::: Input material :::

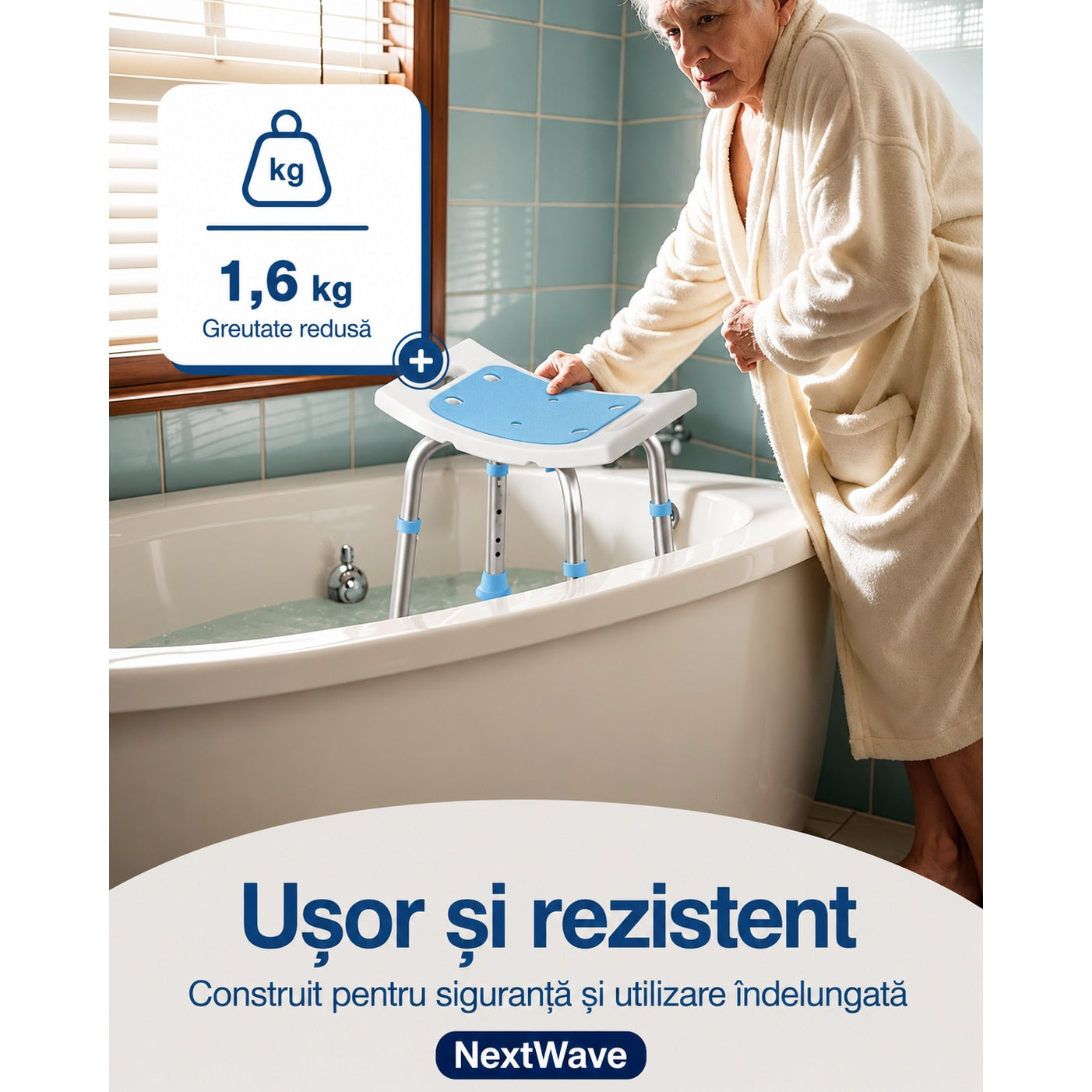 Scaun de dus NextWave® pentru baie si cada, reglabil pe inaltime, cadru rezistent din aluminiu, sezut confortabil, picioare – imaginea 5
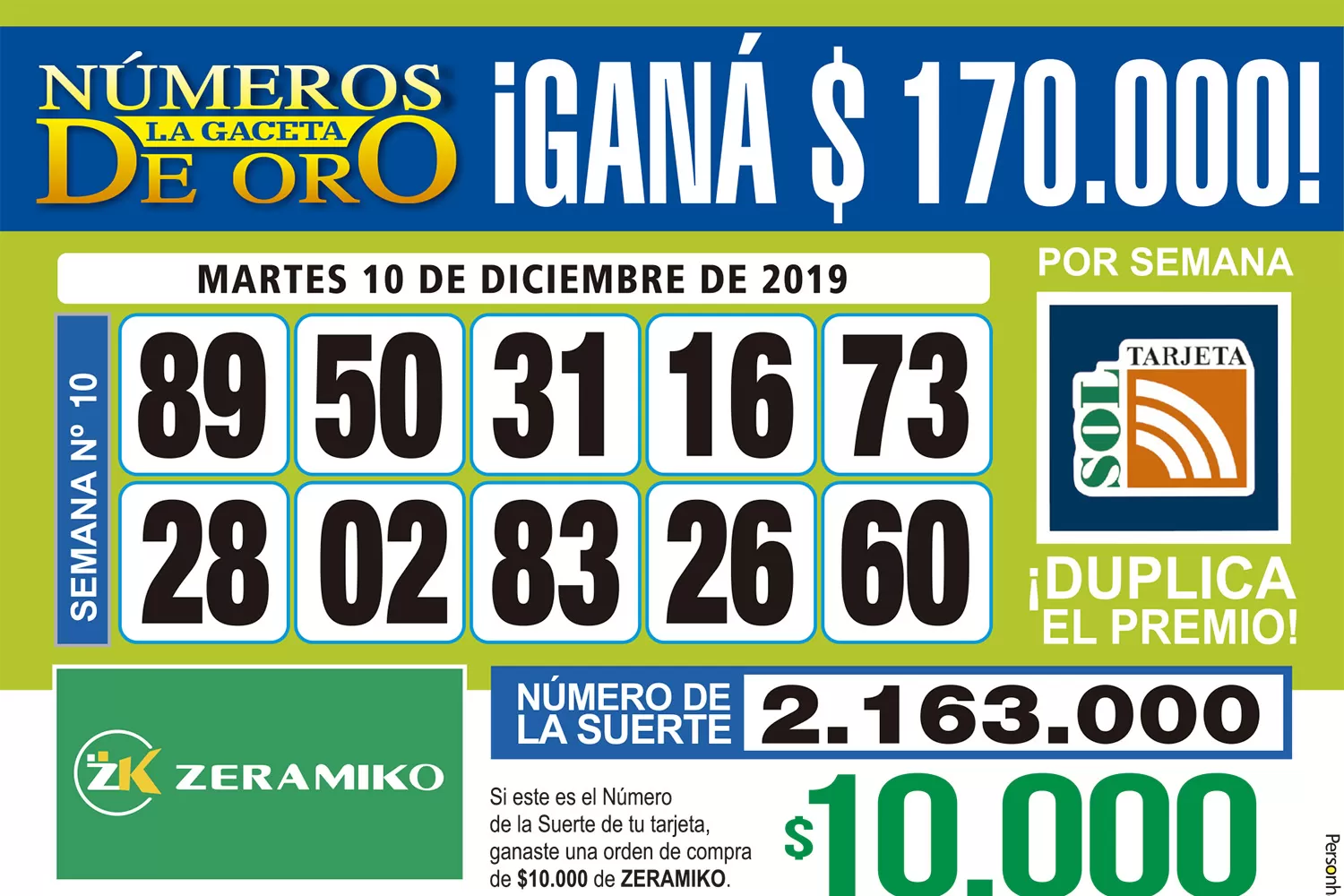 Los Números de Oro de LA GACETA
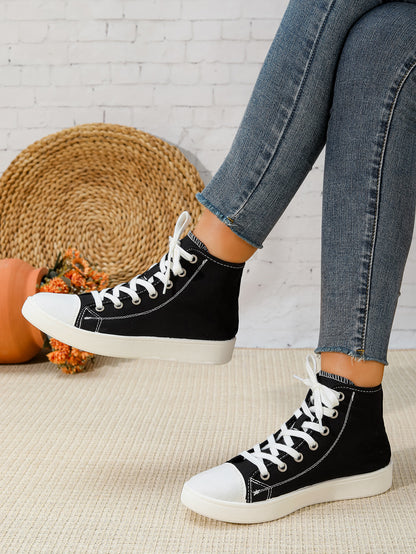 Women's High-Top Canvas Lace-Up Sneakers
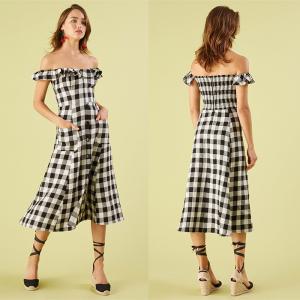 Wholesale Black and white checked off shoulder dress from china suppliers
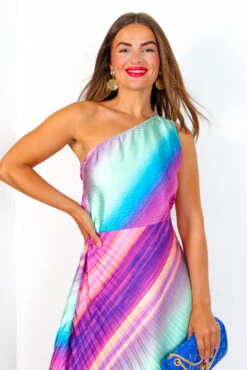 Stay Classy - Multi Pastel Ombre One Shoulder Midi Dress -Fashion Clothing Store StayClassy MultiPastelOmbreOneShoulderMidiDress 5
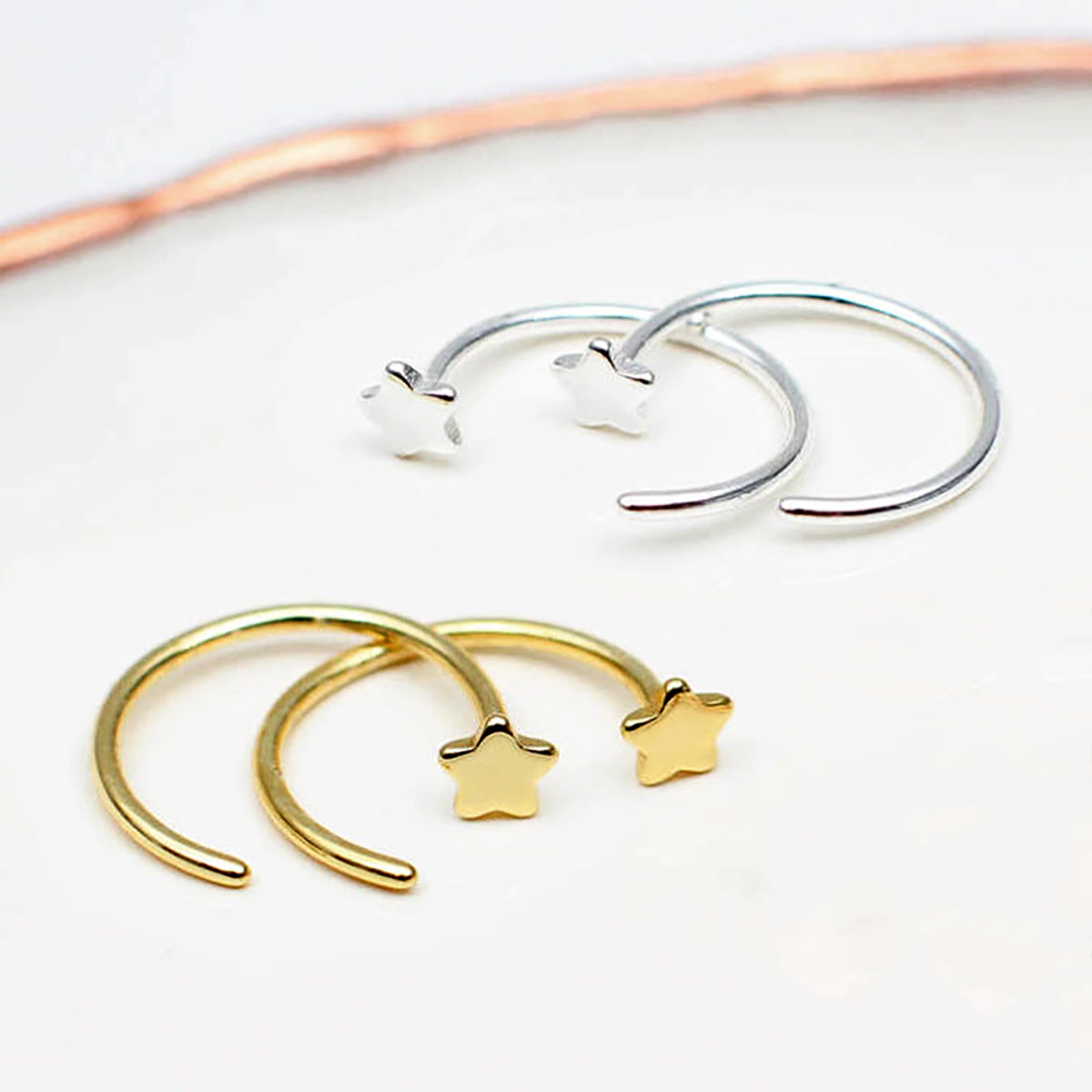 18ct Gold Plated or Silver Mini Pull Through Star Earrings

:::

**Task goal:** Set down only the lines from the one with "Women's High-Top Canvas Lace-Up Sneakers" through the end of the entries, exactly as they appear, leaving out each picture.

**Written reply:**
 Women's High-Top Canvas Lace-Up Sneakers
 Wholesale Black and white checked off shoulder dress from china suppliers
 Stay Classy - Multi Pastel Ombre One Shoulder Midi Dress -Fashion Clothing Store StayClassy MultiPastelOmbreOneShoulderMidiDress 5
 18ct Gold Plated or Silver Mini Pull Through Star Earrings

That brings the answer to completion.